* What is needed: Every record below should be retyped exactly, and no picture should appear in the copy.

────────────────────────────────────────

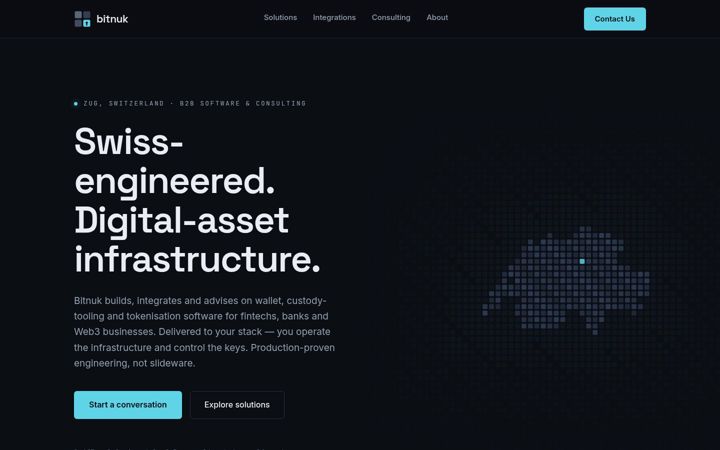 Screenshot of bitnuk.com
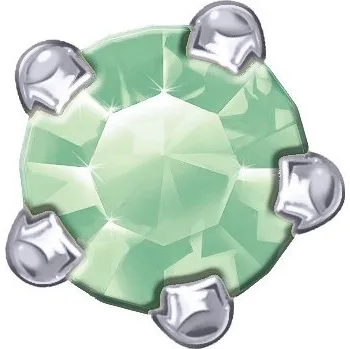 Náušnice Náušnice Claw Set Peridot Estelle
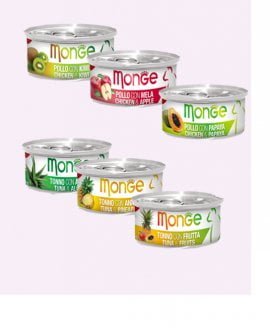 Monge Fruits Cat конс. тунец с яблоком, 80г/3284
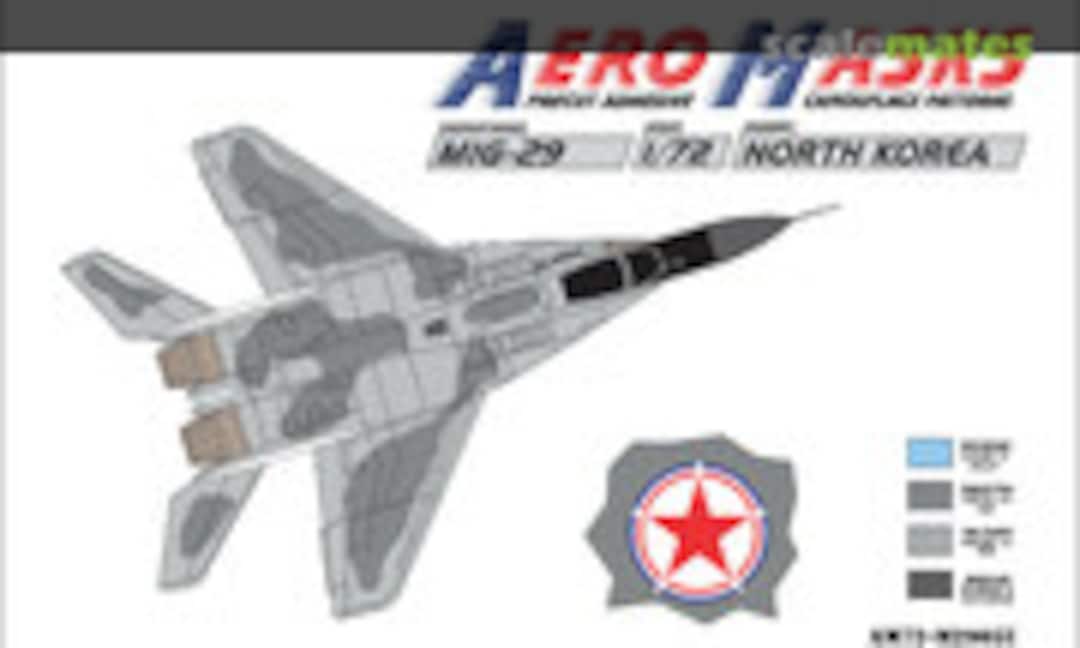 1:72 MiG-29 North Korea (AeroMasks AM72-M2905) AM72-M2905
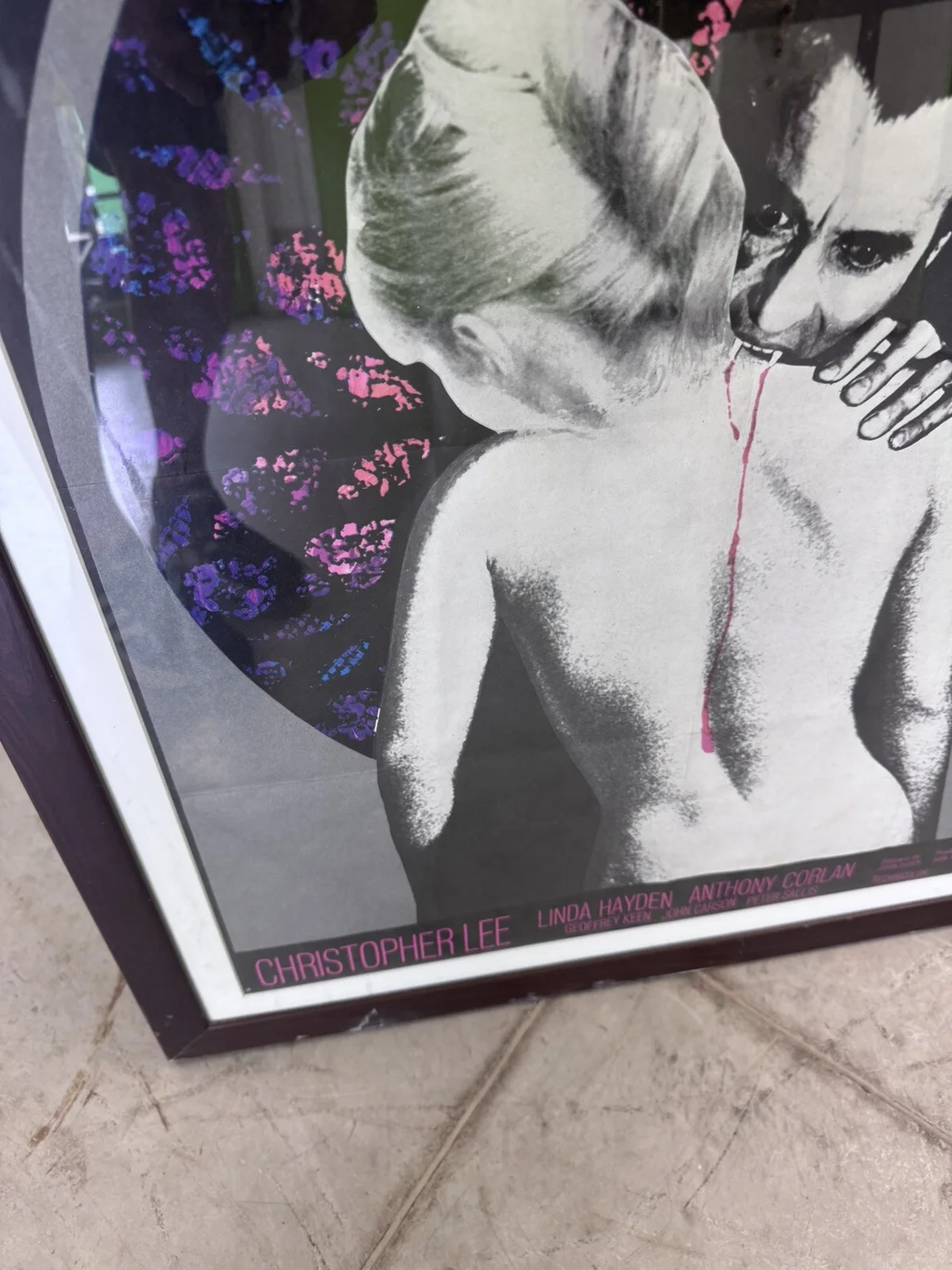 Rare Vintage Une Messe Pour Dracula 1970 Film Poster, изображение 3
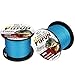 Pisfun SuperPower 500M(547 Yard)/1000M(1100 Yard) Braided Saltwater Fishing Line 4 Strands 14-80LB Advanced Superline Green Orange Grey Yellow White Blue Color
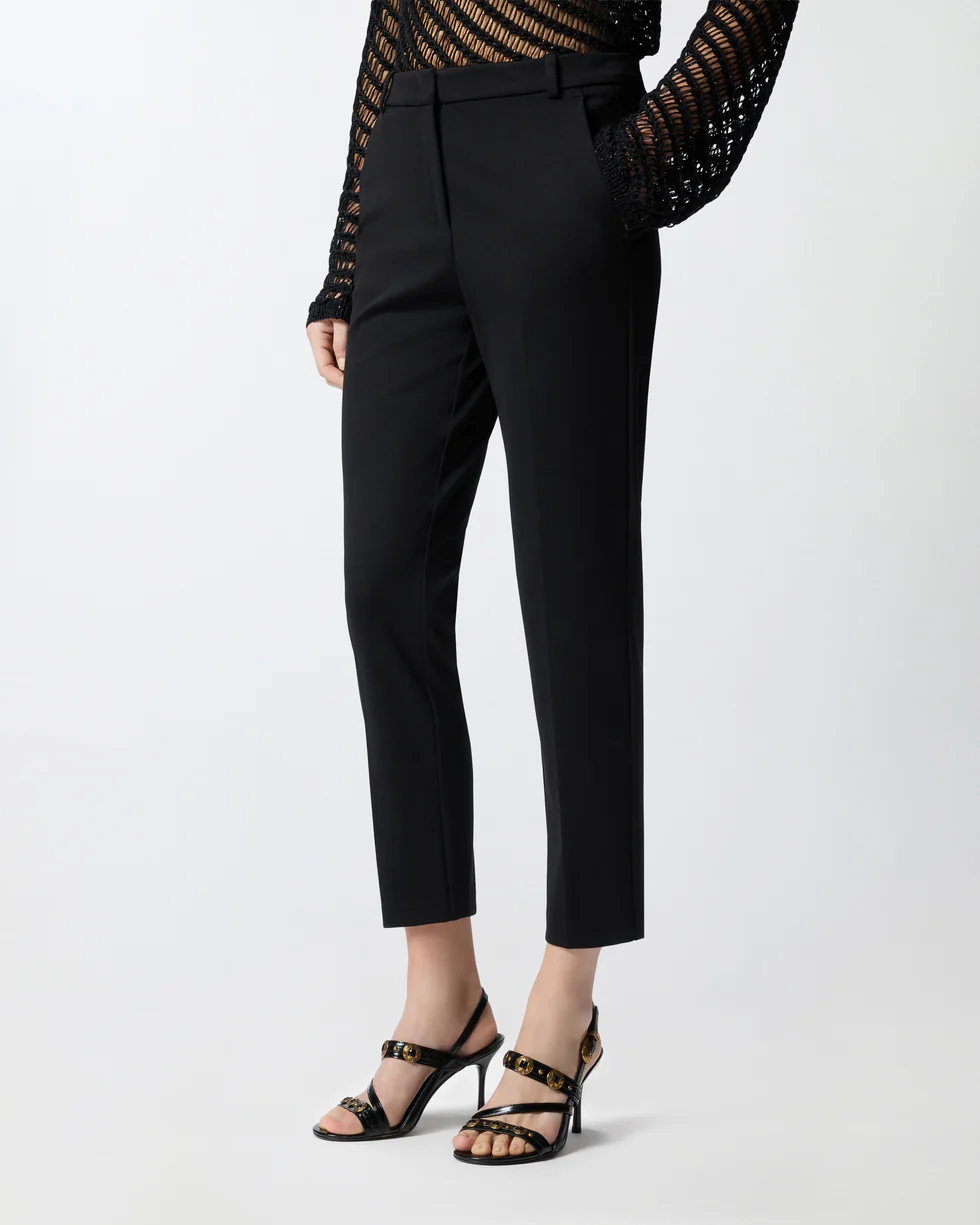 Pantaloni a gamba dritta<BR/> 100155A36R Z99 PINKO Black 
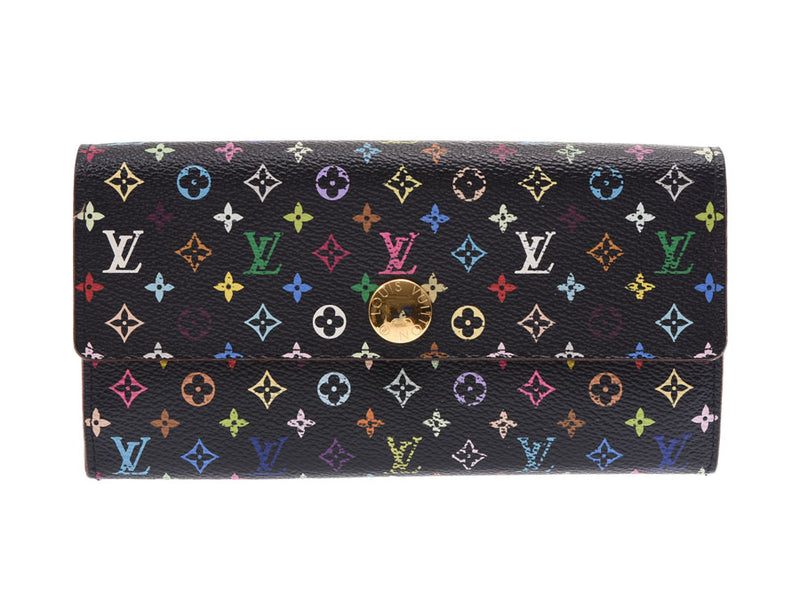 長財布ルイヴィトン VUITTON 長財布 財布 マルチカラー 黒 - 長財布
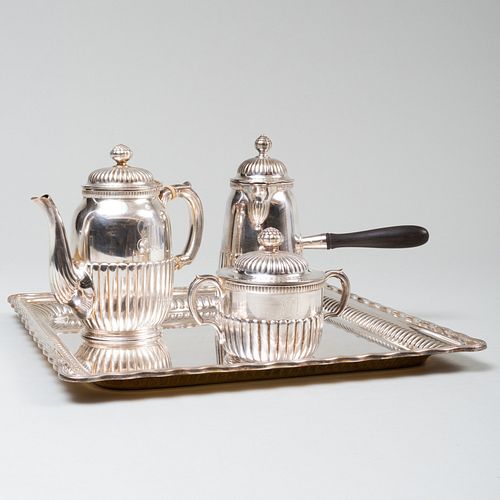 TIFFANY & CO. SILVER PLATE FOUR-PIECE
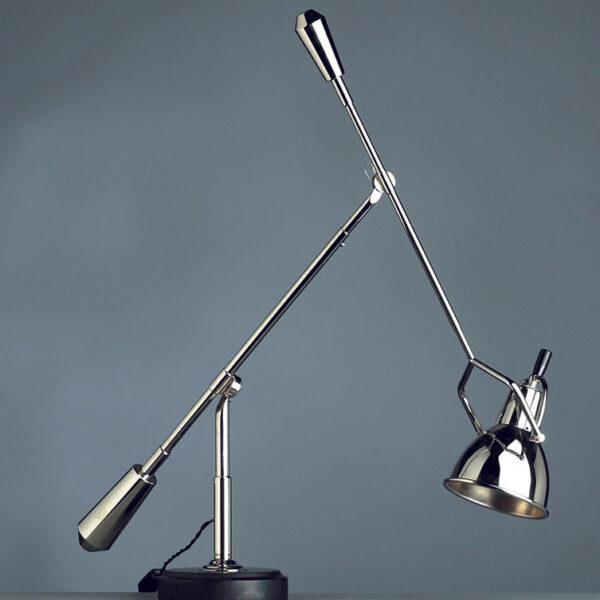 Bordlampe 1969 Contract  More Art - Krom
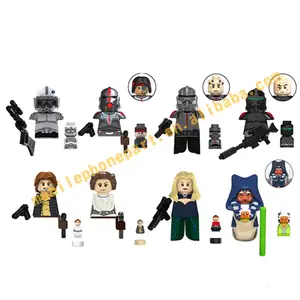 SW yıldız uzay savaşları Kamino güvenlik komutanı klon kuvvet Han Solo Leia Mini Action Figure yapı taşı çocuk oyuncakları TV6107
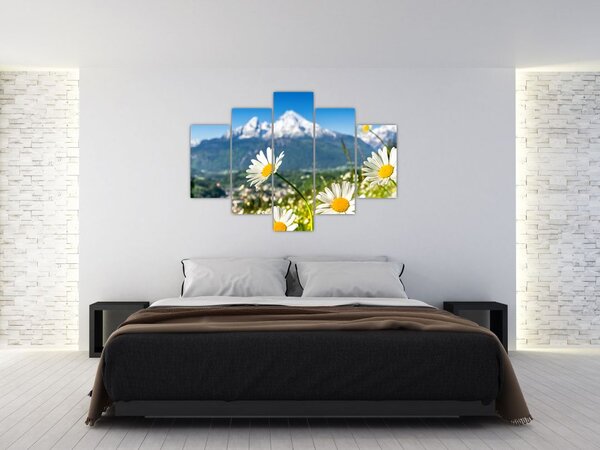 Tablou - Primăvara în Alpi (150x105 cm)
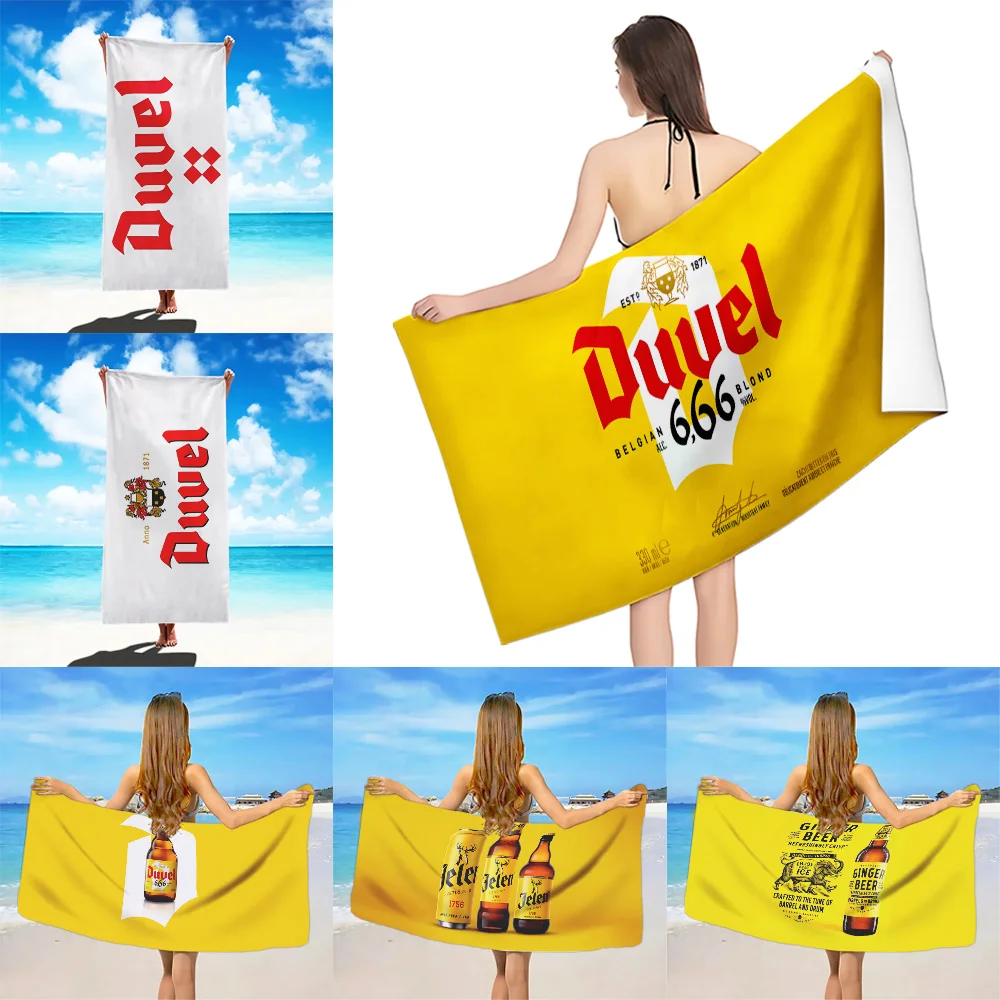 D-DuvelS Beach Towel Microfiber Sand Free Quick Dry Soft Sandproof Pool Towels Gift for B-BeerS Women Travel Gym Shower Camping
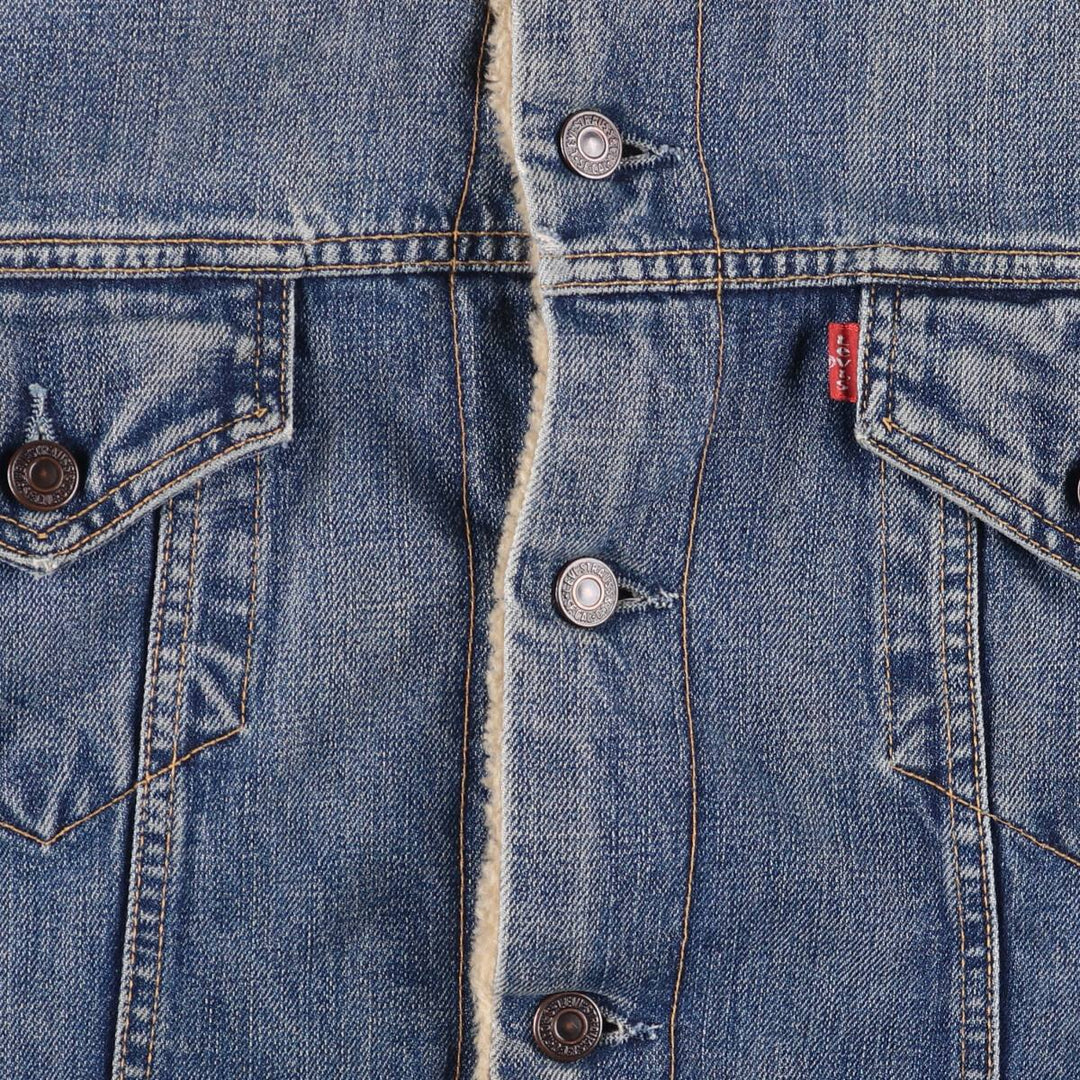 Levi's Euro Model Denim Boa Jacket, Men's XL cotton blue type Vintage Second Hand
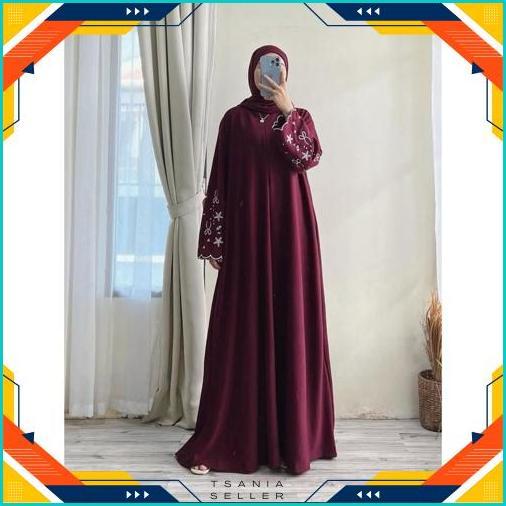 Exclusive Pgmt - Hanifah Abaya Askara Dress Crinkle Airflow Gamis Wanita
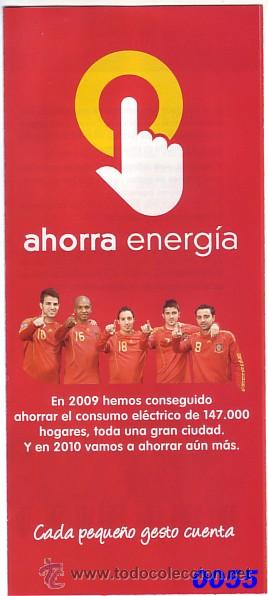 Coleccionismo deportivo: A-143 FOLLETO PUBLICITARIO EQUIPO DE FUTBOL DE ESPA&Ntilde;A LA COPA DEL MUNDO DE LA FIFA WORLD CUP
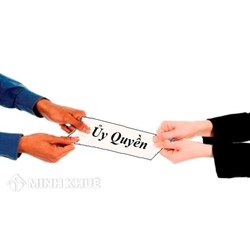 Giấy ủy quyền đối với cấp giấy phép nhập khẩu đối với thiết bị y tế.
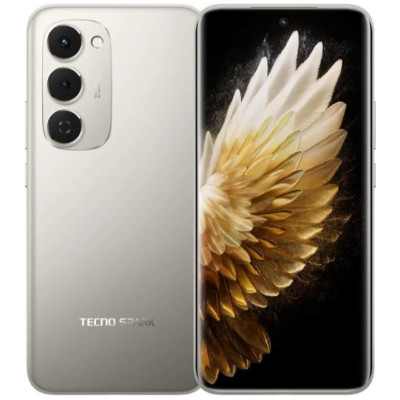 Смартфон Tecno Spark 40 Pro+ (KM7) 8/256Gb Moon Titanium (4894947096358) UA UCRF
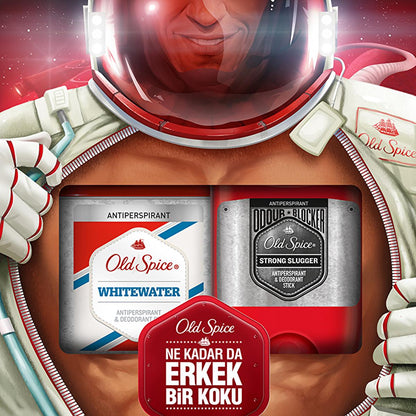 Old Spice Whitewater Clear Men's Deodorant Stick - Long-Lasting Fragrance & Sweat Protection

────────────────────────────────────────

* Output for this task:
 Screenshot of bitnuk.com
 Náušnice Náušnice Claw Set Peridot Estelle
 Monge Fruits Cat конс. тунец с яблоком, 80г/3284
 1:72 MiG-29 North Korea (AeroMasks AM72-M2905) AM72-M2905
 Rare Vintage Une Messe Pour Dracula 1970 Film Poster, изображение 3
 Pisfun SuperPower 500M(547 Yard)/1000M(1100 Yard) Braided Saltwater Fishing Line 4 Strands 14-80LB Advanced Superline Green Orange Grey Yellow White Blue Color
 Pantaloni a gamba dritta<BR/> 100155A36R Z99 PINKO Black 
 長財布ルイヴィトン VUITTON 長財布 財布 マルチカラー 黒 - 長財布
 TIFFANY & CO. SILVER PLATE FOUR-PIECE
 Bordlampe 1969 Contract  More Art - Krom
 SW yıldız uzay savaşları Kamino güvenlik komutanı klon kuvvet Han Solo Leia Mini Action Figure yapı taşı çocuk oyuncakları TV6107
 Tablou - Primăvara în Alpi (150x105 cm)
 D-DuvelS Beach Towel Microfiber Sand Free Quick Dry Soft Sandproof Pool Towels Gift for B-BeerS Women Travel Gym Shower Camping
 Levi's Euro Model Denim Boa Jacket, Men's XL cotton blue type Vintage Second Hand
 Exclusive Pgmt - Hanifah Abaya Askara Dress Crinkle Airflow Gamis Wanita
 Coleccionismo deportivo: A-143 FOLLETO PUBLICITARIO EQUIPO DE FUTBOL DE ESPA&Ntilde;A LA COPA DEL MUNDO DE LA FIFA WORLD CUP
 Giấy ủy quyền đối với cấp giấy phép nhập khẩu đối với thiết bị y tế.
 Смартфон Tecno Spark 40 Pro+ (KM7) 8/256Gb Moon Titanium (4894947096358) UA UCRF
 Old Spice Whitewater Clear Men's Deodorant Stick - Long-Lasting Fragrance & Sweat Protection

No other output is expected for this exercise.